Early in April, just before Sanders prepared for his most important primary battle in the state of New York, Zimmerman got a call from the campaign, offering her the job of Jewish outreach coordinator, a position that did not exist before in the campaign.

“I got a phone call one day that said, ‘We know that your Jewish values are in line with the values of most of the Jews who support us, so why don’t you come do this?’ I said, ‘Of course.’”

“Actually, the masses of American Jews are more aligned with me,” she said. “Most Jews in the progressive movement share my views.”

Zimmerman took the job. And shortly after, the news stories began to pop up, digging into her previous activism at J StreetU, and later unearthing the infamous Facebook post.

“I have no idea who leaked it…somebody took a screen shot of my Facebook post when I initially wrote it and had been saving it. Because anyone who would go on my Facebook now couldn’t get that same image.”

“I had been vetted. They told me they spent a week vetting me, but I’m not really sure how much people knew about who I was or my activism. I don’t really know what the vetting process looked like.”

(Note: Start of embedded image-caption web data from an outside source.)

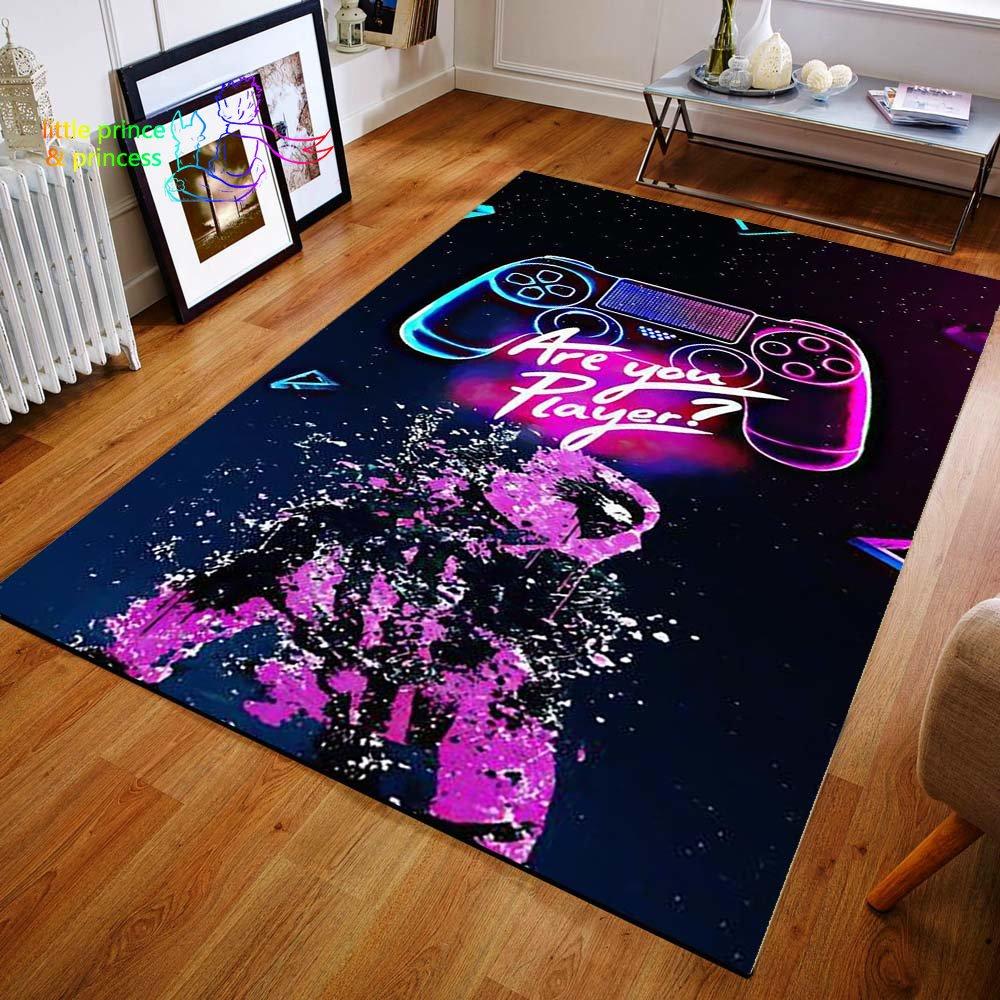 Геймерский контроллер, игровой ковер с 3D принтом для гостиной, коврики для кемпинга, противоскользящий коврик, коврик для йоги, подарок для мальчика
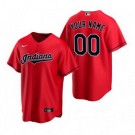 Youth Cleveland Indians Customized Red Alternate 2020 Cool Base Jersey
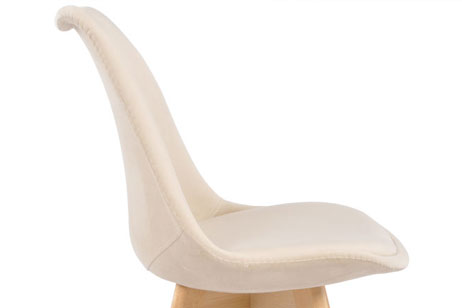 krzesło welurowe tapicerowane Bolonia z poduszką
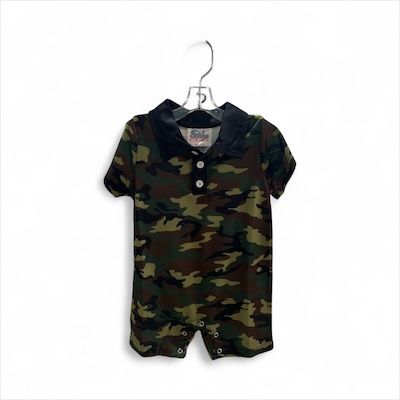 Camo romper 12-18m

When the Facebook post threatened to overshadow Sanders’ campaign, Zimmerman was promptly kicked out, told she was suspended, but never brought back on board.

“I’m not really sure how much they knew about my activism or about this issue, and they were also preparing for the debate the next night.”

“I went home, I went to the gym, tried to get out some anger, and then I got a call from the New York Times that the spokesperson from the campaign had told them that I was suspended. So suddenly it was actually news. Then there was a story about me.I couldn’t comment on it. I didn’t do any public press during that time.”

But one of Zimmerman’s toughest moments was her encounter with the Jewish organizational establishment. Specifically with Abraham Foxman, the former national director of the Anti-Defamation League.

“I believe that this was his first public statement since he retired over a year ago. He came out of retirement to defend the Jewish people from the threat of Simone Zimmerman.”

Zimmerman stayed home and watched Sanders debate Hillary Clinton in Brooklyn, a debate that provided his fullest, and harshest, critique of the Democratic Party’s position on Israel.

“It was a really bittersweet moment watching the debate that night as Bernie said, ‘There comes a time where it’s important to say that Netanyahu isn’t always right all the time,’ which felt like the very, the presidential version of what I had written on that Facebook page.

Zimmerman intends of keeping up her work on issues relating to the Israeli-Palestinian conflict and how Jewish Americans relate to it. She also intends to spend a year in Israel as a Dorot fellow.

“There is a crisis on our hands. The occupation is hitting its 50-year anniversary. We see. We care about this community too much to not demand that it be on the right side of history. Even if it makes people a little bit uncomfortable.”